Sklearn 教程

2024 年 8 月 29 日 | 14 分钟阅读

什么是 Sklearn？

Scikit-learn 是一个开源的 Python 包，用于在 Python 中实现机器学习模型。该库支持 KNN、随机森林、XGBoost 和 SVC 等现代算法。它构建在 NumPy 之上。知名的软件公司和 Kaggle 竞赛都经常使用 Scikit-learn。它有助于模型构建的各种过程，如模型选择、回归、分类、聚类和降维（参数选择）。

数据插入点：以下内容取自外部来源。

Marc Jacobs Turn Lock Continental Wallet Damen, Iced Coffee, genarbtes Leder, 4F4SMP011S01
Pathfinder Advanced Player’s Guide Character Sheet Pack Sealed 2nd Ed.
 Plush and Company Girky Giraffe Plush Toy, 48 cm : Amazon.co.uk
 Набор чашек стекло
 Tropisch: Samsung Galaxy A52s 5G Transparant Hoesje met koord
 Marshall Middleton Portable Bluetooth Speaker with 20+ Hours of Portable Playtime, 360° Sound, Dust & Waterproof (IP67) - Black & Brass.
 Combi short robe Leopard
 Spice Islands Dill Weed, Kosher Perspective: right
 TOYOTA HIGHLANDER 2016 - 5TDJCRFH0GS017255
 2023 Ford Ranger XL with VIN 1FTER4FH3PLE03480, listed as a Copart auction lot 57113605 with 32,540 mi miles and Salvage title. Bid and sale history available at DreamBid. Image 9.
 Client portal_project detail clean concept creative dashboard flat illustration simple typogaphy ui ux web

Scikit-learn 易于使用且性能优越。但是，Scikit Learn 不支持并行处理。我们可以使用 sklearn 实现深度学习算法，尽管这不是一个明智的选择，特别是当 TensorFlow 是一个可用的选项时。

在我们的系统上安装 Sklearn

在安装 sklearn 之前，我们需要先安装以下库作为其依赖项。

NumPy
SciPy

在安装 sklearn 库之前，请验证 NumPy 和 SciPy 是否已安装在计算机上。在 NumPy 和 SciPy 已正确安装之后，使用 pip 是安装 scikit-learn 的最简单方法。

导入数据集

正如我们之前讨论的，在此 sklearn 教程中，我们将使用鸢尾花数据集。我们不需要从外部服务器获取此数据集，因为 Scikit Learn Python 已经包含了它。我们将立即导入数据集，但在此之前，我们必须使用以下命令导入 Scikit-Learn 和 Pandas 库。

代码

# Importing the required libraries
import sklearn
import pandas as pd

导入 sklearn 后，使用以下命令，我们可以快速从 sklearn 导入鸢尾花数据集。

代码

# Importing the dataset from the datasets module of sklearn
from sklearn.datasets import load_iris

# Loading the dataset
iris = load_iris()

# Creating the dataframe of the dataset
df = pd.DataFrame(iris.data, columns = iris.feature_names)

分割数据集

我们可以将整个数据集分成两部分——训练数据集和测试数据集，以留出一些未见过的数据来检查模型的准确性。模型训练完成后，使用测试数据集来测试或验证模型。然后，我们可以评估训练模型的性能。

本示例会将数据分为 70:30 的比例，这意味着 70% 的数据将用于训练模型，30% 将用于测试模型。示例中使用的数据集与上面相同。

代码

# Importing the class to perform train test split from model_selection module
from sklearn.model_selection import train_test_split

# Separating the dependent and independent features
X = df.iloc[:, :-1].values
y = df.iloc[:, -1].values

# Creating a testing dataset of size 0.3 times the whole dataset
X_train, X_test, y_train, y_test = train_test_split(
   X, y, test_size = 0.3, random_state = 1
)

# Printing the shape of the training and testing dataset
print(X_train.shape)
print(X_test.shape)

print(y_train.shape)
print(y_test.shape)

输出

(105, 3)
(45, 3)
(105,)
(45,)

训练模型

然后，我们可以使用我们的数据集训练一个预测模型。如前所述，scikit-learn 提供了广泛的现代机器学习算法，具有标准化的用户界面，用于拟合、预测准确率分数、召回率等。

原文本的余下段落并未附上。